Insoweit, meine Damen und Herren, will ich es kurz und knapp machen. Ich halte den CDU-Antrag heute für heuchlerisch. Sie hatten 16 Jahre Zeit, die Sache mit den Lohnnebenkosten in Ordnung zu bringen. Sie haben sich davor gedrückt. Ich bedauere, dass Rotgrün einen guten Ansatz, nämlich die ökologische Belastung, europäisch isoliert angegangen hat und damit deutsche Spediteure besonders belastet, während andere - davon Großunternehmen - profitieren. Ein bisschen war ich geneigt, bei dem Titel, den Sie der Aktuellen Stunde gegeben haben, von den Zapfsäulen zu glauben, dass es um die Zapfhähne geht, dass es vielleicht um den Bierpreis geht und damit um die bayerischen Verhältnisse. Aber ich glaube, es wäre besser, wenn wir ehrlich genug den Bürgern sagen würden, dass Transport tatsächlich Geld kostet. Aber es darf nicht so sein, dass innerhalb Europas in einem freien Markt eine bestimmte Gruppe allein belastet wird, während andere lächelnd dabei rausgehen. Insoweit denke ich, dass wir tatsächlich dem Verkehrsgewerbe in Thüringen mehr Aufmerksamkeit schenken sollten. Und ich hätte mich gefreut, wenn die SPD-Kollegen anwesend gewesen wären, um direkt mit den Spediteuren zu diskutieren. Ich hoffe, dass das, was wir im Wirtschaftsausschuss beschlossen haben, nämlich eine Gesamtbelastungs- und -entlastungsrechnung zu bekommen, zur Versachlichung des Themas beiträgt. Insoweit finde ich tatsächlich die Aktuelle Stunde ein durchschaubares Manöver, das ich heuchlerisch nenne. Vielen Dank.

(Beifall bei der PDS)

Es hat jetzt die SPD das Wort, der Abgeordnete Lippmann.

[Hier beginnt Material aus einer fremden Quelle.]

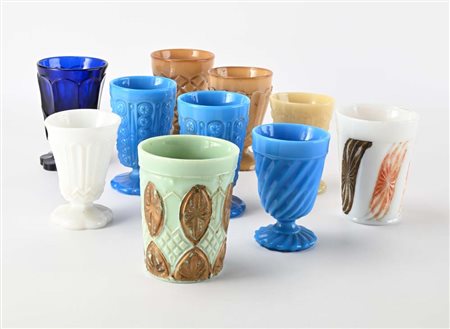 Nove bicchieri diversi in vetro molato di differenti colori e decorazione,...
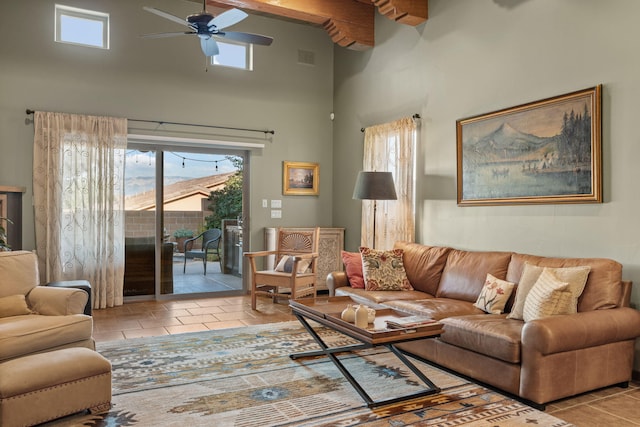 living room with ceiling fan, a wealth of natural light, and light tile patterned flooring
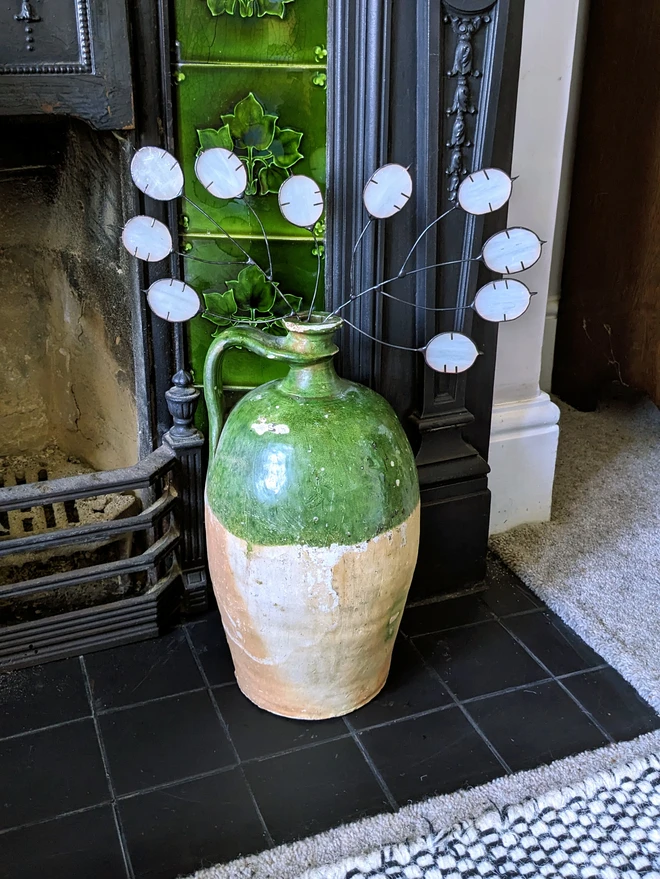 Honesty branches in jar 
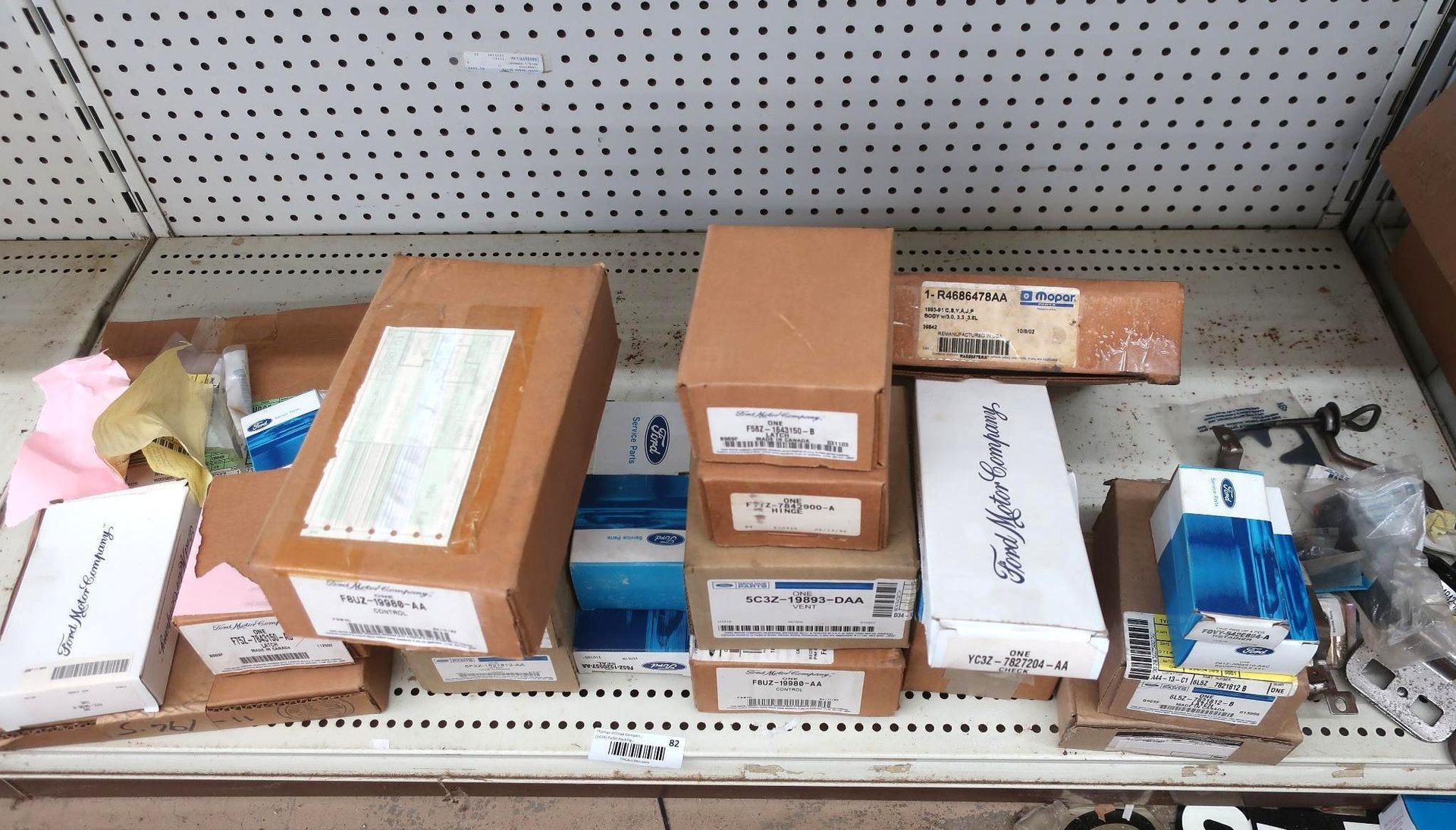 Boxes of various sizes stacked on a shelf. Some have labels.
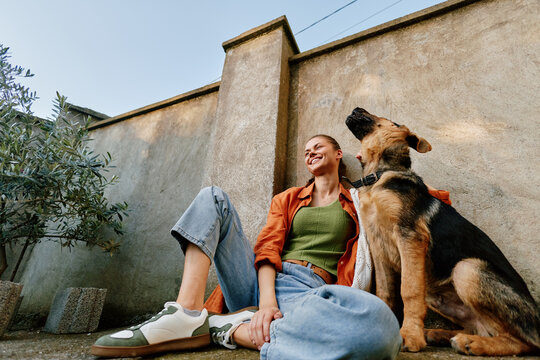 Smiling young woman sits on the ground by a concrete wall with her german shepherd dog, enjoying a candid moment of friendship and trust outdoors.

Frau Präsidentin, meine sehr verehrten Damen und Herren, kürzlich war ich zu einer Festveranstaltung in Berlin, wo alle die eingeladen waren, die der letzten Volkskammer angehört hatten. Dort wurden sehr viele und schöne - auch kluge - Reden gehalten. Ich möchte mit einer Sequenz die fünf Minuten beginnen, die mich beeindruckt hat. Es wurde dort von dem Herrn Gysi - wo er Recht hat, hat er Recht - gesagt, es war im Unterschied zu den anderen zurzeit bestehenden Ländern - auch Bundesparlamenten - in der Volkskammer so, dass man noch überzeugen konnte, auch den politischen Gegner überzeugen konnte durch die Kraft der Argumente und durch die Realität. Und das ist auch passiert. Es ist nicht immer so passiert, aber es ist passiert. Das hat mich beeindruckt. Wir haben es ja alle selber erlebt, oder zumindestens die, die dem Parlament angehört hatten. Das ist nun heute nicht mehr möglich - woanders nicht, und hier schon gar nicht.